Statalist The Stata Listserver

[Date Prev][Date Next][Thread Prev][Thread Next][Date index][Thread index]

Re: st: Re: Trying to do some multiple imputation

From   "Mosi A. Ifatunji" <>
To   "Statalist@HARVARD.EDU" <>
Subject   Re: st: Re: Trying to do some multiple imputation
Date   Tue, 24 Jan 2006 13:29:53 -0600


I'm not exactly sure if this accomplishes what I am interested in
accomplishing. I am sure that you're telling me the right answer, but I may
not be asking the right question, LOL (i.e., I may not be communicating the
question correctly). Let me give it another go:

So, to start at square one; I have a dataset named das1995r. In that dataset
there is an income variable, 'income.' There are a lot of values missing for
'income.' I am assuming that these values are missing at random (MAR) and
can be predicted by the respondents race ('black'), sex ('male'), age
('age2') and level of education ('educate').
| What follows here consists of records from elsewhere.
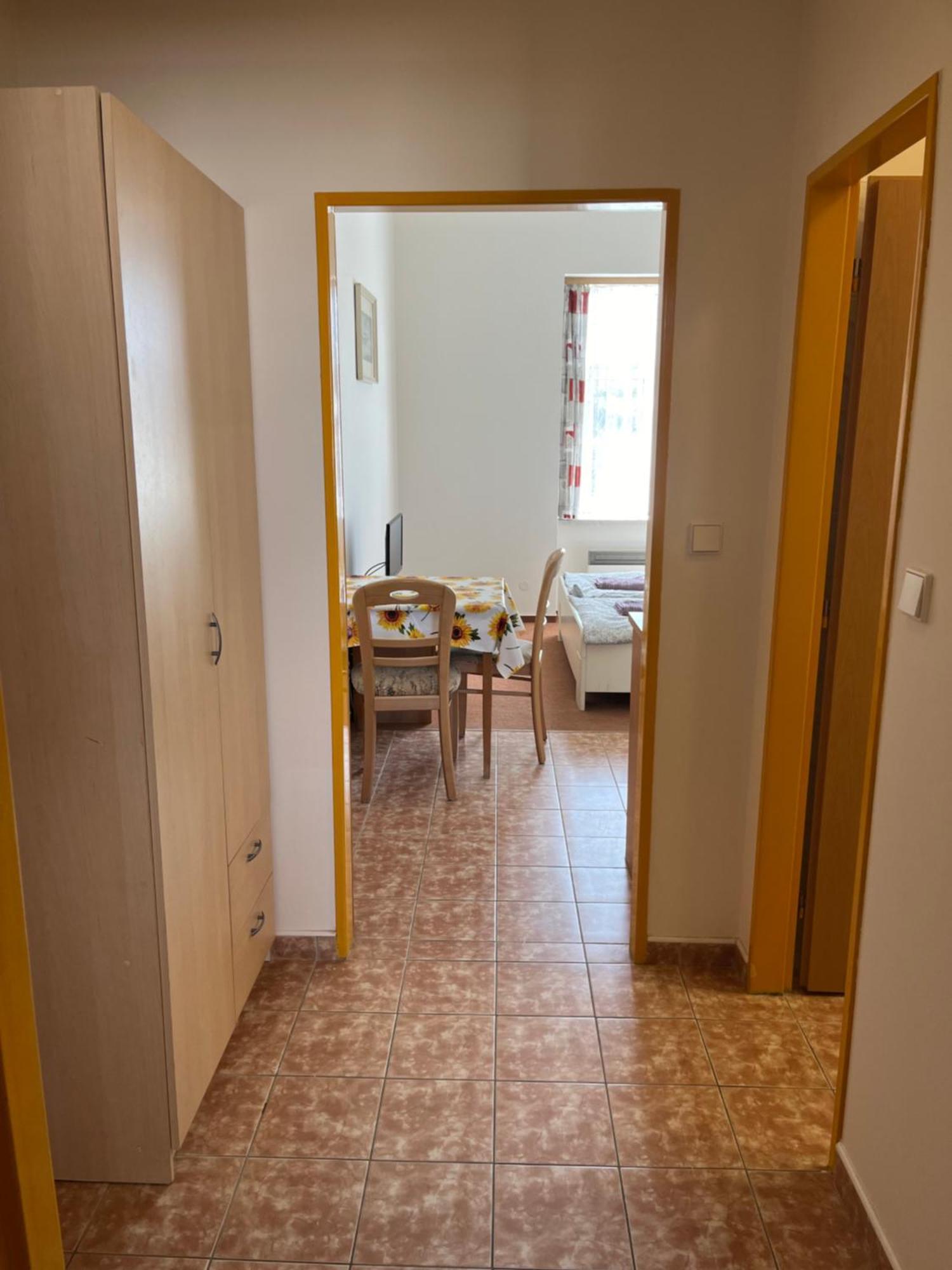 Svetlik Apartmanovy Dum Obecna Skola מראה חיצוני תמונה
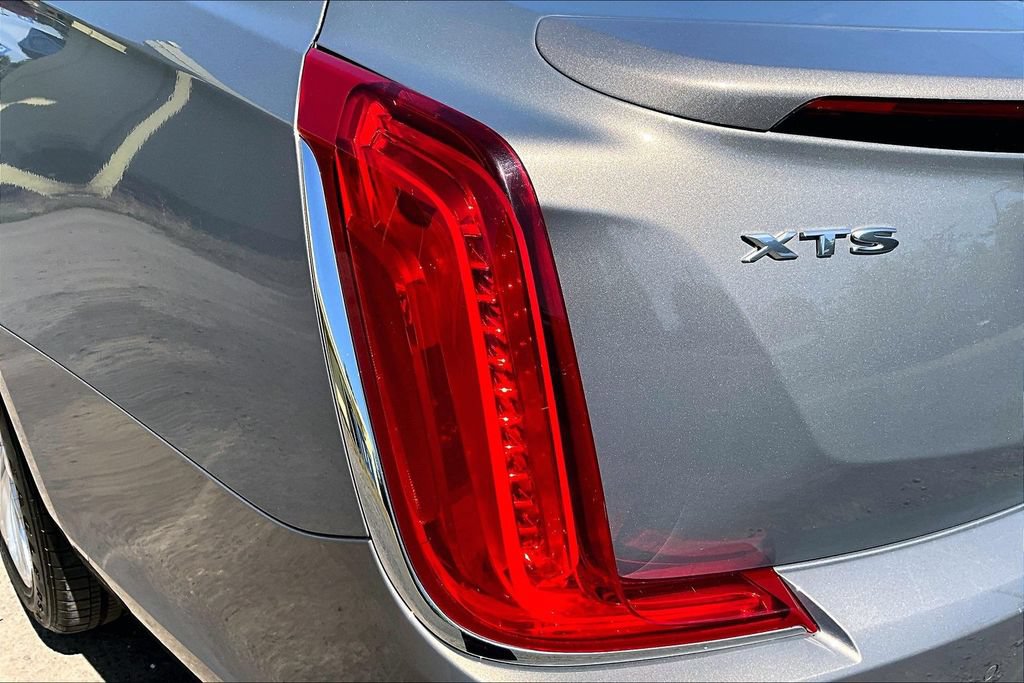 Used 2019 Cadillac XTS Luxury FWD image 28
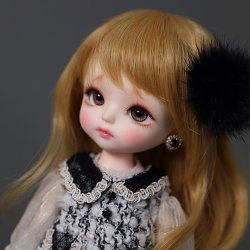 Lati Yellow: The little celebrity ver. Zeze (Peach White Skin)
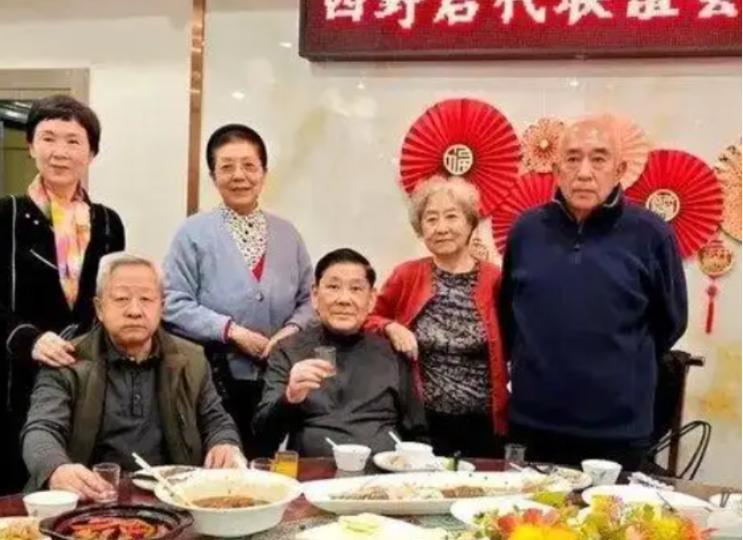 四野后代联谊会有一个不成文的规矩，那就是在每次聚会时，嘉宾们都会默契地按照父辈级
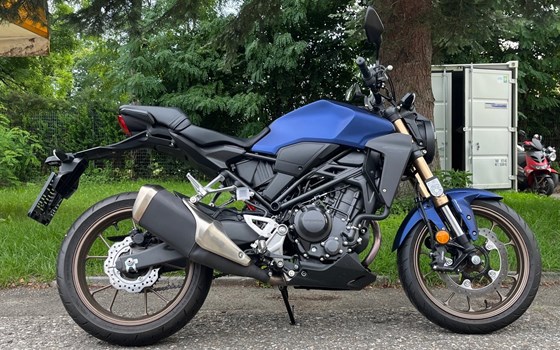 Gebrauchtmotorrad Honda CB300R - Bild 1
I would like to end up with a variable in my original dataset (das1995r)
with a new variable for income. That is, the old variable will still be
there ('income') but there would also be a new variable at the end of the
dataset (das1995r) that represents old values for 'income' with new values
for 'income' where there were once missing values. I would like this
variable to be called, 'imp_income.'

In order to accomplish this, I have been given the following syntax:



cd "/Users/Ifatunji/Documents/IFATUNJI
Docs/University/Academic/Graduate/Data/DAS 1995/"

use das1995r

forv i = 1(1)5 {
uvis regress income black male age2 educate, gen(income`i') seed(123695`i')
replace income = income`i'
save das`i', replace

/* forv i = 1(1)5 {
use das`i', clear
tab income, miss
} */

miset using das

mifit, indiv: regress income black male age2 educate


The problem is that when this syntax is finished running, I find myself in a
new dataset (i.e., not das1995r, but some other dataset) that seems to
represent several datasets in one. In this new dataset, the 'income'
variable has almost no missing values (which is fine).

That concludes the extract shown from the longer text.